Sidi Larbi Cherkaoui at Sadler's Wells

May 6, 2013

Sadler’s Wells, London

Performances reviewed:
Sutra
, April 3, 2013 and

Puz/zle,
April 24, 2013

 

By confounding our expectations, Sidi Larbi Cherkaoui’s dances often force us see dance anew. His choreography wanders as freely as imagination, focusing in different pieces on Japanese manga, physical disablities, flamenco, Indian dance, and the power of prayer.

 

Returning to Sadler’s Wells five years after its premiere there, Sutra introduces us to a community of Shaolin monks, who traditionally express their Buddhist beliefs through a combination of Kung-Fu and Tai Chi. Now described as warrior monks, they have fused breathing exercises and calisthenics for both military and spiritual purposes.
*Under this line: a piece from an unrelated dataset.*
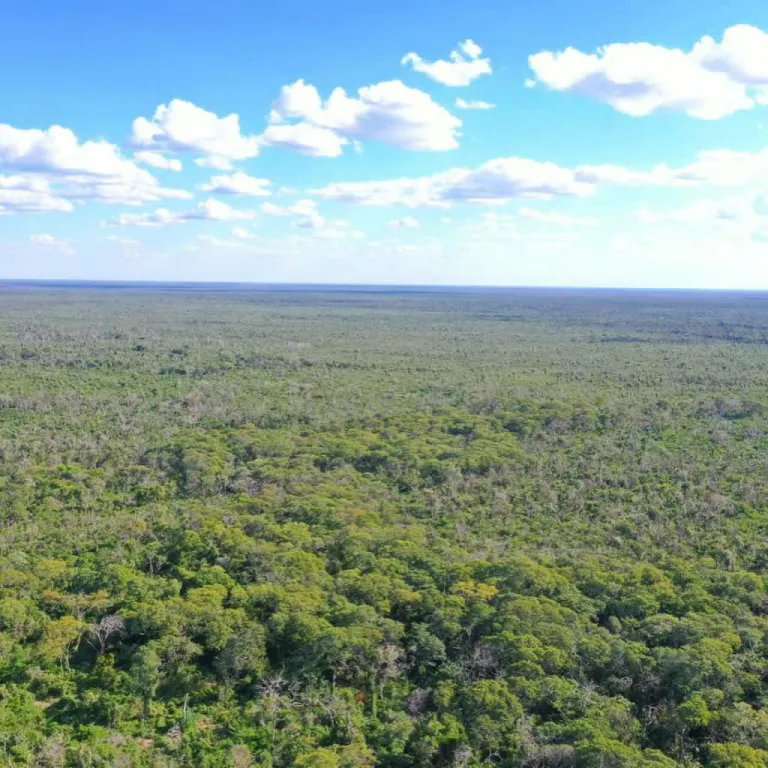 AGUA DULCE, BAHÍA NEGRA, CHACO: OFERTA! PROX. FILADELFIA, ABUNDANTE AGUAS SUBTERRÁNEAS. — foto 3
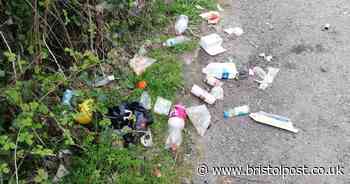 Bishopsworth woman cleared litter left dumped on road where she lives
Cherkaoui has transformed their codified movement into choreography that evokes many aspects of human experience, from friendship to travel to death. The dramatic action takes place in, on, and under wooden boxes shaped like coffins, designed by the British sculptor Antony Gormley. As the 17 monks rearrange these simple structures, the boxes become their homes—carried on their backs as if they were snails—or tiers of beds, stacked like bunks in a ship’s hold, or the unfolding petals of a flower, or springboards for aerial tumbling that defies gravity.
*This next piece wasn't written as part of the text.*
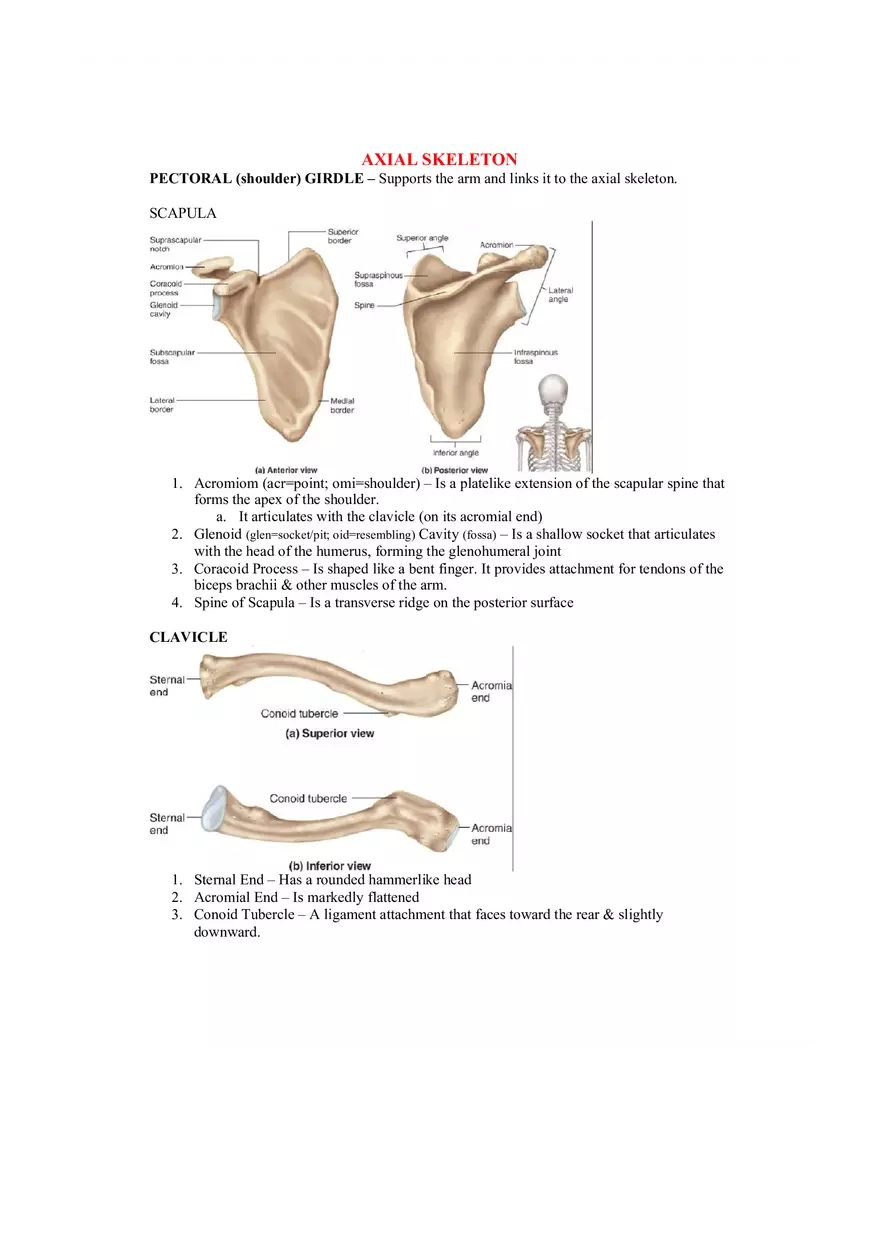 Organization of the Skeleton (Bone Review) Part 2 - Page 6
A little boy, clearly an apprentice or student of the monks, guides a curious outsider into their unfamiliar rituals, sometimes demonstrating their astounding elasticity to encourage the adult to try it himself. Though the monks only perform a handful of the 708 movements sequences and 522 boxing sequences they have mastered, Cherkaoui’s selection opens a window into their cherished disciplines and muscular power.

 


Cherkaoui’s
Puz/zle, Photo courtesy Sadler’s Wells

 

His newest work, Puz/zle, is more ambitious but less effective. It involves 11 dancers from his company, Eastman; a six-voice Corsican male choir; a Lebanese female singer; and a Japanese percussionist who also plays the flute. Instead of the monks’ boxes, the dancers handle gray slabs meant to resemble stone, climbing them, stacking them, toppling them, and manipulating them into stairs, walls, monuments and an underground cave.

 


Cherkaoui’s
Puz/zle, Photo courtesy Sadler’s Wells

 


With each new configuration, the movement changes character. Sometimes the dancers evoke a centipede as they pass one gesture in a continuous ripple from body to body. Sometimes they form close-knit trios, tightly interlocked by their flexed ankles and wrists. Soloists emerge from the group, one stumbling forward in evident despair with his arms wrapped protectively around his head, another twisting and flipping like a beached fish. Dancers wielding a chisel and an electric drill convert flesh into statuary by chipping at two immobile figures as a sculptor would shape stone.

 


Cherkaoui’s
Puz/zle, Photo courtesy Sadler’s Wells

 

Too restless to settle on any one style or subject, Cherkaoui informs the piece with the precise science of mathematics, then the tension of personal relationships, then the ferocity of politics—an impassive crowd stones the man in that underground space. Finally, only waving arms remain, rising hopefuly from the bodies that have vanished headfirst between the flattened slabs.

 

Despite the haunting singing and truly dazzling dancing, nearly two hours of this hodgepodge seemed overly long. Editing would sharpen its purpose and help us navigate its confusing maze of allusions.